Das Comicmagazin CCC Creative Comic Collection serialisiert ausschliesslich Comics taiwanischer Künstler. Seit kurzem gibt es in Taipei sogar ein eigenes Museum für taiwanisches Comicschaffen: die Taiwan Comic Base 漫畫基地.

Wie auch in Japan, in Korea oder auf dem chinesischen Festland zu beobachten, verlagert sich ein Teil der Comicproduktion zunehmend von Printausgaben ins Netz.

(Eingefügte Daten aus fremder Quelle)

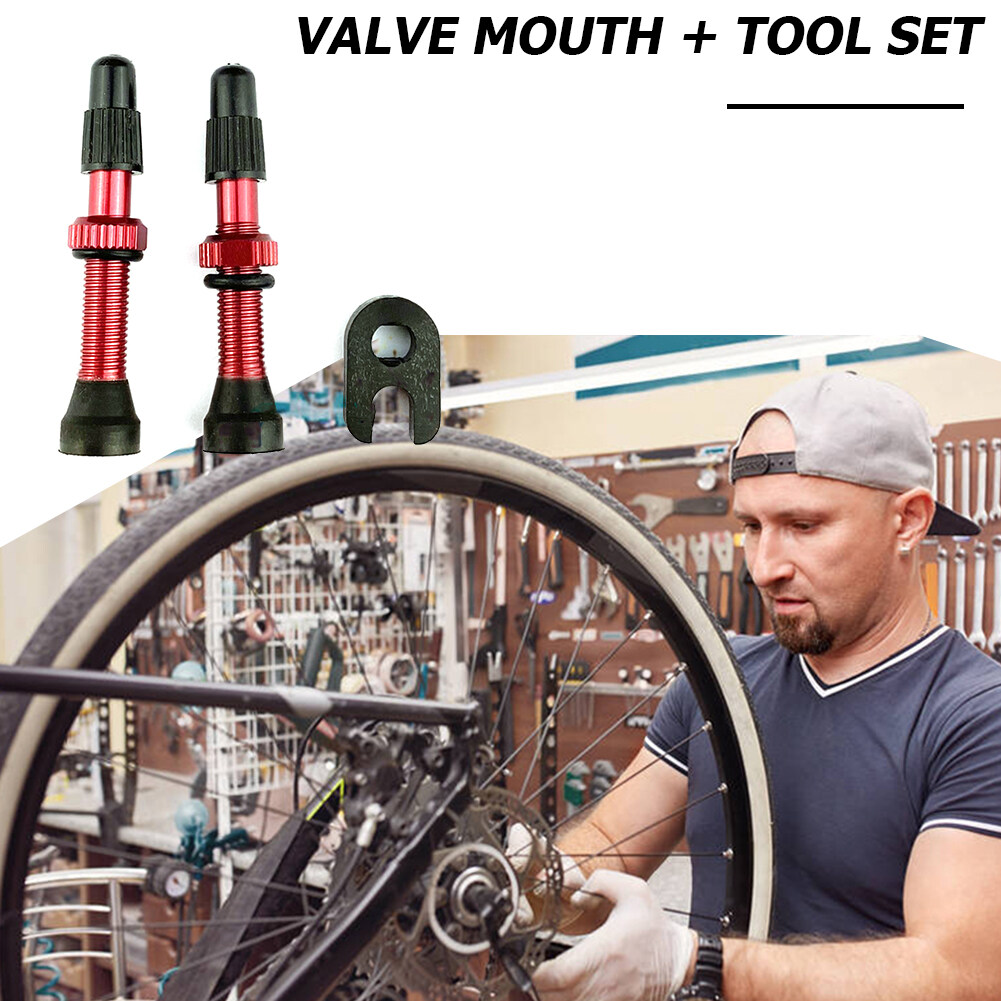 2pcs 48mm Alloy stem presta Valve tool for road MTB Bike tubeless tire ne 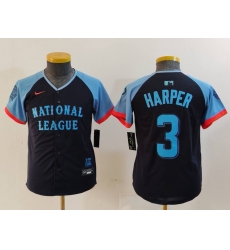 Youth National League 3 Bryce Harper Navy 2024 All Star Limited Stitched Baseball Jersey 7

Internetplattformen wie Comico oder Line Webtoon stellen Webcomics teils noch kostenlos, teils bereits zahlungspflichtig, zum Lesen auf Handy- oder Computerbildschirmen zur Verfügung.

Taiwanische Comics weisen heute stilistisch und thematisch eine riesige Bandbreite auf, diese reicht von eher dem kommerziellem Mainstream zuzuordnenden Werken bis hin zu künstlerischer Avantgarde.

Manche Zeichner sind stilistisch stark von japanischen Mangas beeinflusst, andere wiederum gehen stilistisch und künstlerisch selbstbewusst eigene Wege. Sie speisen ihre Inspiration aus han-chinesischer oder lokaler taiwanischer Kultur oder es zeigen sich manchmal gar Einflüsse von europäischen Graphic Novels, denen nicht wenige taiwanische Künstler Begeisterung entgegenbringen.

Für europäische Leser gibt es in der Comicnation Taiwan viel zu entdecken.